• DIRECTIONS:
Once you find the line with "Closer view of" in the entries below, print it and each line after it up to and including the line with "637 N Ridgecliff", exactly, without pictures.

• DATA FOR THIS TASK:
* * * *
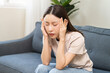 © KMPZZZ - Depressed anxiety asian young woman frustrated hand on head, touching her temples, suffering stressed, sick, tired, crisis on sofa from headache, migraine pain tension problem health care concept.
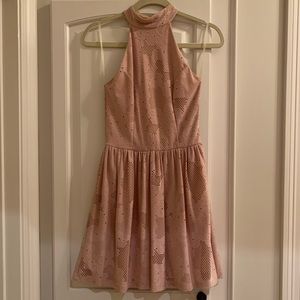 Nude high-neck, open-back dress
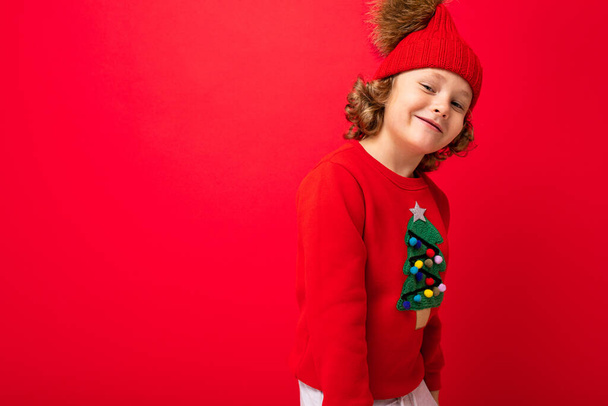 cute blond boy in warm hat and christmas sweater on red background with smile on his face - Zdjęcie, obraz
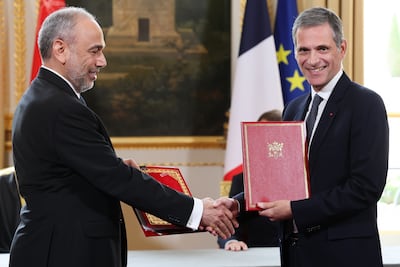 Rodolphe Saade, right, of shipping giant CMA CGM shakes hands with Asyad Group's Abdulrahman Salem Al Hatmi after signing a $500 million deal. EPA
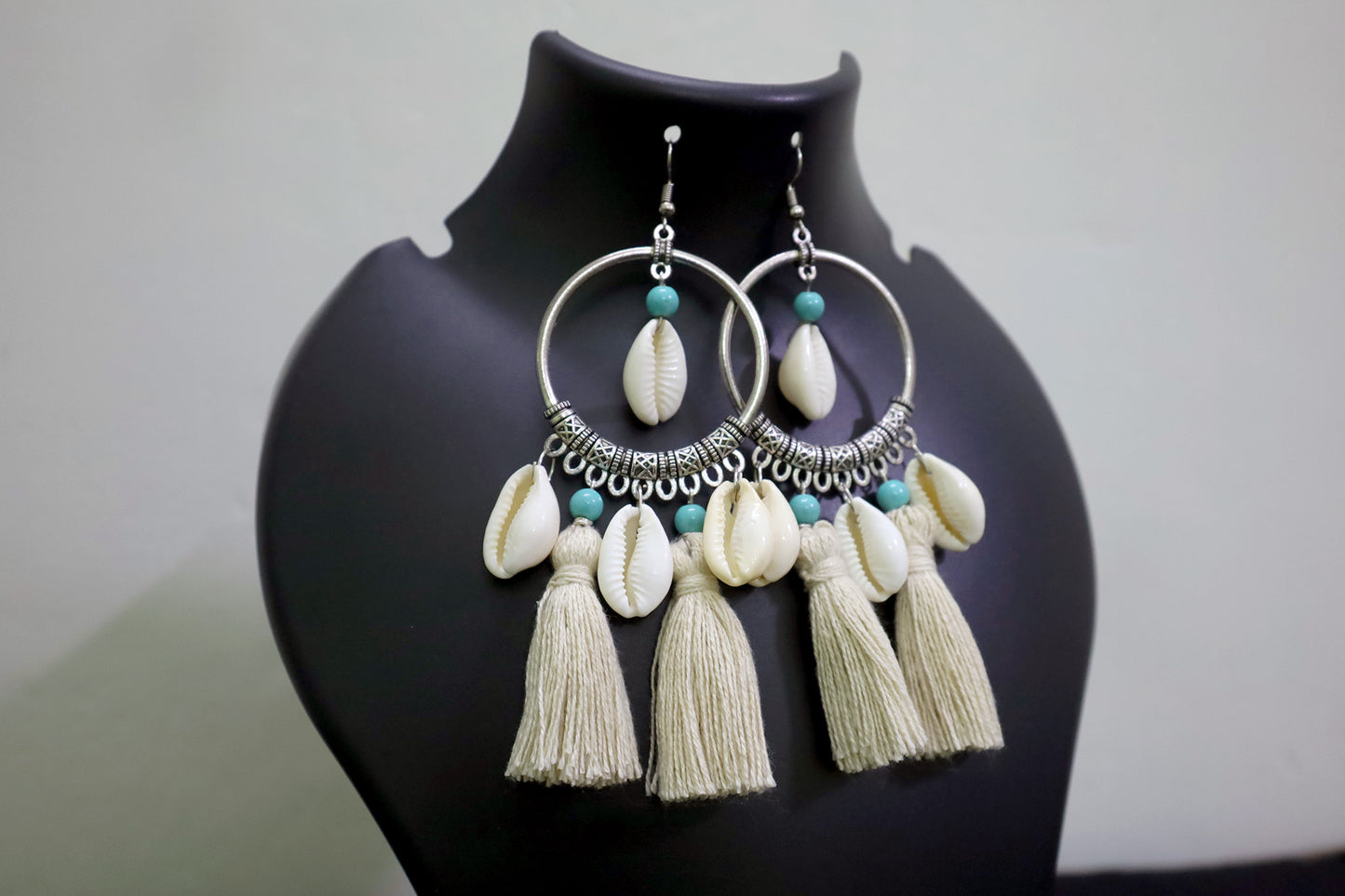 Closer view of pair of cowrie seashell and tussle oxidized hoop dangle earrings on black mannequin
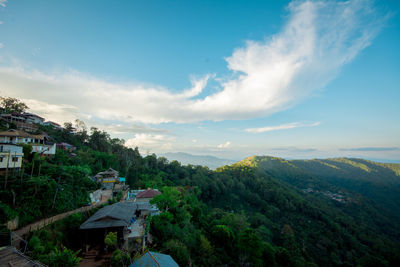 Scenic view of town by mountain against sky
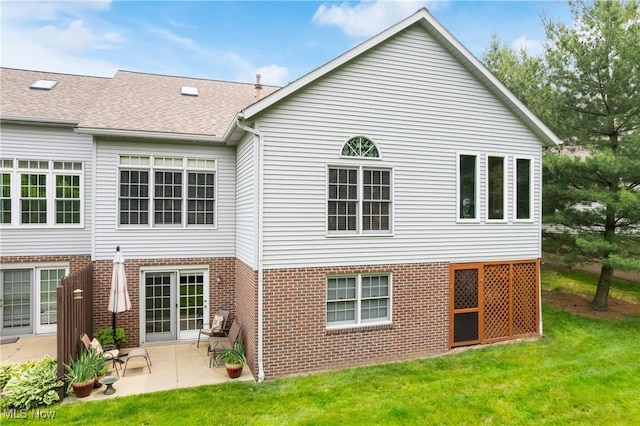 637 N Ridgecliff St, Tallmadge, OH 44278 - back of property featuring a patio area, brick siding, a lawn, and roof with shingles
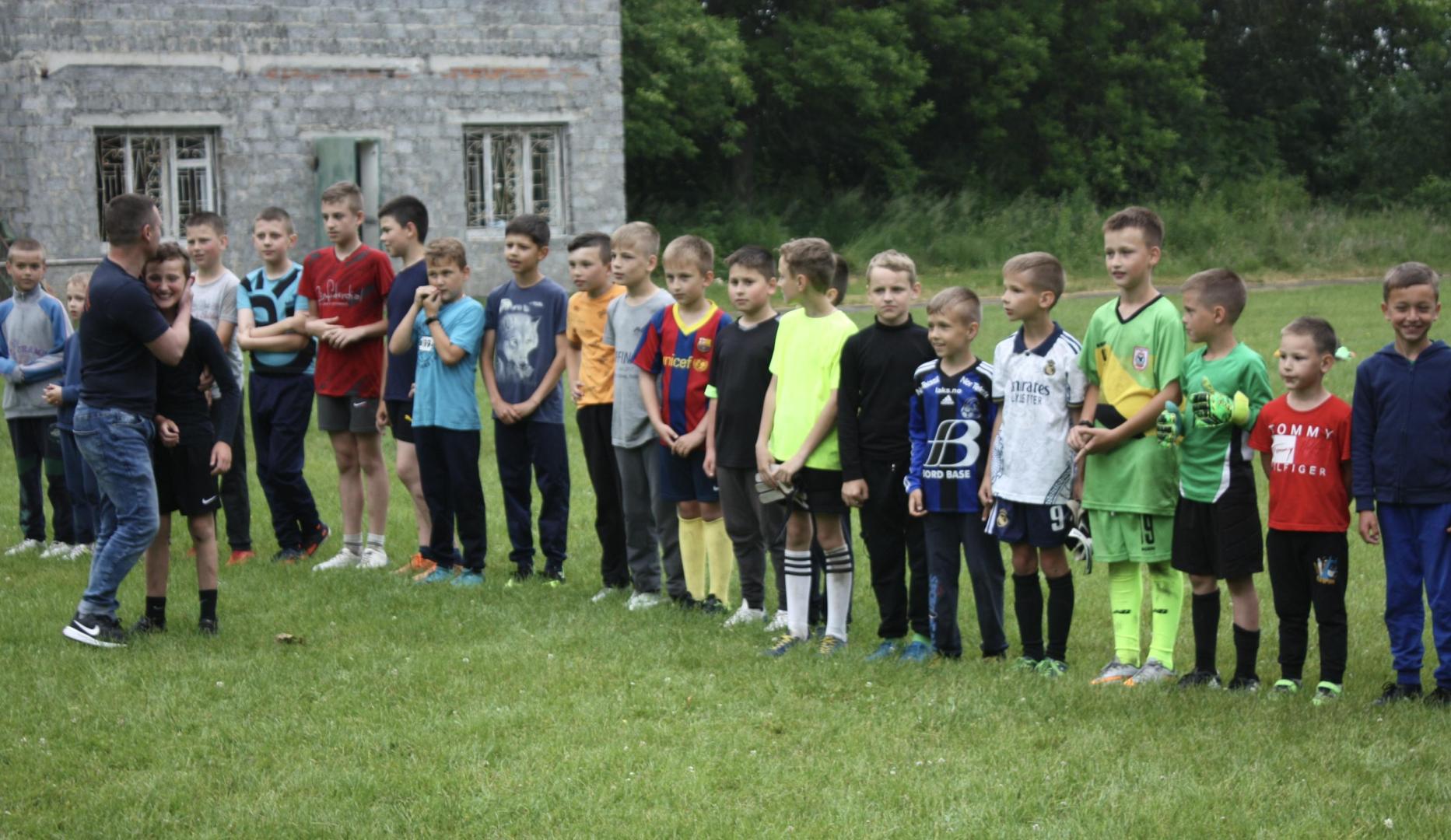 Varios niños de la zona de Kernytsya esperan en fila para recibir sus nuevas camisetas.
* * * *
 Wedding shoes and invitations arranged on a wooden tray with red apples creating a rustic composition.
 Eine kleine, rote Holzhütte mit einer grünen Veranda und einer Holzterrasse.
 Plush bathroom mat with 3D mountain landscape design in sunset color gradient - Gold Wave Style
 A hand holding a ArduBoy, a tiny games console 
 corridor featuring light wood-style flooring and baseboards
* * * *
• SOLUTION FOR THIS PROBLEM:
 Closer view of pair of cowrie seashell and tussle oxidized hoop dangle earrings on black mannequin
 Scenic view of town by mountain against sky
 637 N Ridgecliff St, Tallmadge, OH 44278 - back of property featuring a patio area, brick siding, a lawn, and roof with shingles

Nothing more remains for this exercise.